Everyone who has gone to college is familiar with what is called "The Freshman Fifteen". This refers to when you inevitably gain fifteen pounds as a freshman, far away from your mama's grilled veggies and baked chicken and full of cafeteria fried fish and starchy carbs. By the second semester of freshman year, most girls get it together and start working out and eating right, afraid that they will no longer look hot in their club clothes. I am currently experiencing "The Homecoming Zero". This is where you are obese, but you make a crazy, impossible goal to be skinny by the next homecoming, only to end up losing no weight at all😞. 

Guys, I started off so good. My girl LD was my accountability partner. We shared our snacking struggles and took pics of our lunch to keep each other on the right track. I started wearing my Fitbit again. I cut back on sugar. I EVEN STARTED MEAL PREPPING DISGUSTING SALADS FOR LUNCH! Yet as the year went on, I began to get depressed. Seeing that I deal with my emotions by overeating, not eating to deal with my issues was making me very, very sad. Seven months in, gummy bears and sodas had made their way back into my diet. Now, homecoming is less than 30 days away, and I am royally screwed! 

Not only am I disappointed in myself, but I am not at all excited about seeing some of the girls I graduated with. Many of them have a house full of kids and yet they are still bikini ready. Their skin is flawless. Their titties sit pretty. Their butts are high and firm.

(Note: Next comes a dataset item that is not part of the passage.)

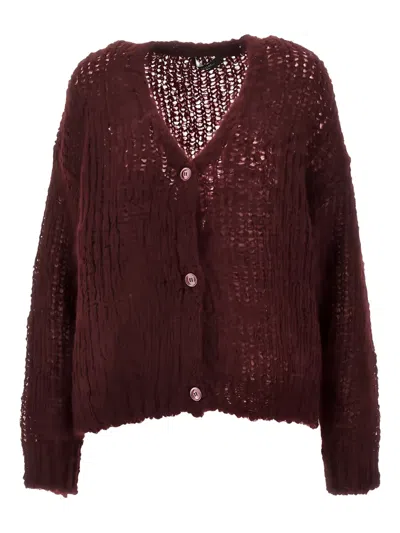 Weekend Max Mara Button Textured Knit Cardigan In Burgundy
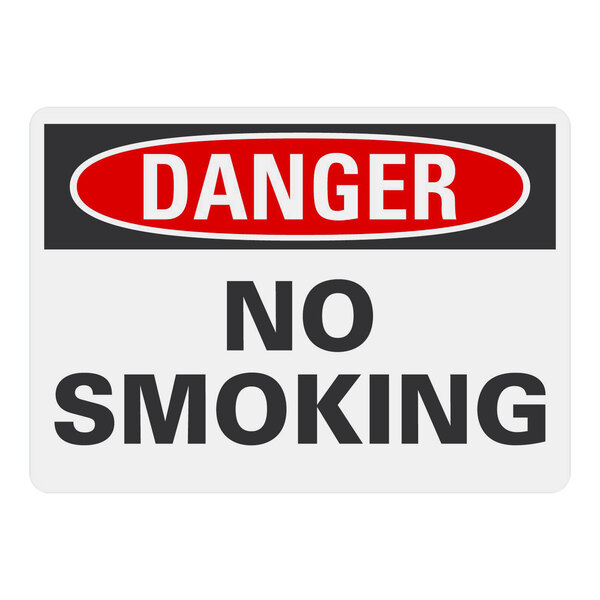 A white rectangular plastic sign with red and black text reading "Danger / No Smoking"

It's like being in a very uncool version of The Twilight Zone! I at least wanted to be small enough to walk my campus without collapsing to the ground in the unyielding New Orleans heat. Sigh. Dream a little dream. In my defense, I wasn't really able to do that while I was in college. 

I am also upset that I will not be able to look as slutty as I wanted to for the club parties. I had big dreams of sheer, sheer, and more sheer. It looks like it is going to be another year of toe-tingling shapewear and sack-like granny dresses. No fun and no fair. My Fashion Nova Curve cart was TOGETHER, do you hear me?

Well, it's not time for homecoming yet. There is still time to starve. My family loves this. This is when I eat only when I absolutely have to, crankily barking and yelling at everyone around. I can also wear all black. Do they make burkas in plus sizes?